In July 2015, Italy took the case to International Tribunal for the Law of the Sea, an independent judicial body established by the United Nations. The ITLOS referred the matter to the Permanent Court of Arbitration, an intergovernmental organisation based in The Hague in Netherlands. Italy then approached the arbitration court seeking the relaxation of bail conditions for Girone, the second marine, so that he could leave India until the jurisdiction in the case is decided. The court ordered that, “Italy and India shall cooperate, including in proceedings before the Supreme Court of India, to achieve a relaxation of the bail conditions of Sergeant Girone … so that Sergeant Girone, while remaining under the authority of the Supreme Court of India, may return to Italy during the present arbitration.” Both countries interpreted the court’s ruling differently. Italy said it “paved the way” for the marine’s return back to Italy until the arbitration process was over. India said the court “recommended” the relaxation of bail conditions, but left it to be considered and decided by India’s Supreme Court.

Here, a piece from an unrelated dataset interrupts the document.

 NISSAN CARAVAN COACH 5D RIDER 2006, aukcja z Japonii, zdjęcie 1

Following this, in May 2016, Girone filed an appeal with the Supreme Court, requesting that his bail conditions be relaxed and he be allowed to leave. The centre endorsed his plea to leave “on humanitarian grounds,” following which the court allowed his departure. Both marines remain in Italy. In September that year, the then Additional Solicitor General PS Narasimha told the Supreme Court that the government had no objection to both marines staying in Italy till the dispute over the jurisdiction of the case was resolved. The centre’s pacifist approach to the pleas of both marines was in sharp contrast to Modi’s earlier aggressive posturing. In 2018, when the Italian prime minister Giuseppe Conte visited India, Modi did not bring up the case. The matter is still under consideration of the arbitration court, with a public hearing scheduled in July 2019.

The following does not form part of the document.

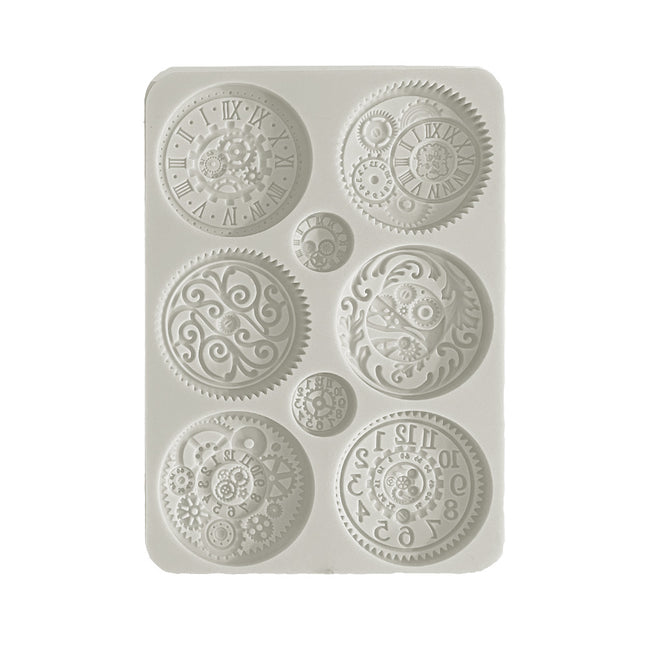 Moule en silicone A5 - Brocante Antiques horloges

On 1 May this year, I visited Moothakkara, the coastal village in Kollam that was home to one of the fishermen killed. Doramma, Jalastine’s wife, was not hard to find; neighbours easily identified the house as the one that belonged to a victim of the Italian marines’ shootout. “They did not do what they promised,” Doramma said, referring to the Italian authorities. “They had said that they will give my son a job and also support his education. They checked on us on a couple of Christmas occasions but even that stopped.”

The Italian government had given the families of Jalastine and Ajeesh Binki, who hailed from Kanyakumari, a compensation of one crore rupees each in exchange for withdrawing their petitions in the case. Further, the Kerala government appointed Doramma as a peon in the state collectorate, where she still works to support her two sons. When I asked Derick, Jalastine’s elder son, about Modi’s promise in his 2014 election speech, he said, “Modi is just all talk. There is no action.” The family has no demands of bringing the marines back to India for trial. “We have forgiven them,” Doramma said, with a tone of resignation. “We lost what we lost.”

Sreedharan Pillai, the president of the BJP’s Kerala unit and Kummanam Rajasekharan, the former state president of the party, refused to comment on the Modi government’s mellowed stance in the case.

“It is typical that having exploited the issue politically, Modi lost all interest in pursuing justice and let both marines detained by the UPA government off the hook,” Shashi Tharoor, the Congress member of parliament from Thiruvananthapuram, the capital of Kerala, said. “We have not heard a word from the PM or the government of India on the matter. It sends a dismaying signal that Indian lives don’t matter to the Indian prime minister and that justice can be sacrificed at the altar of diplomatic expediency.”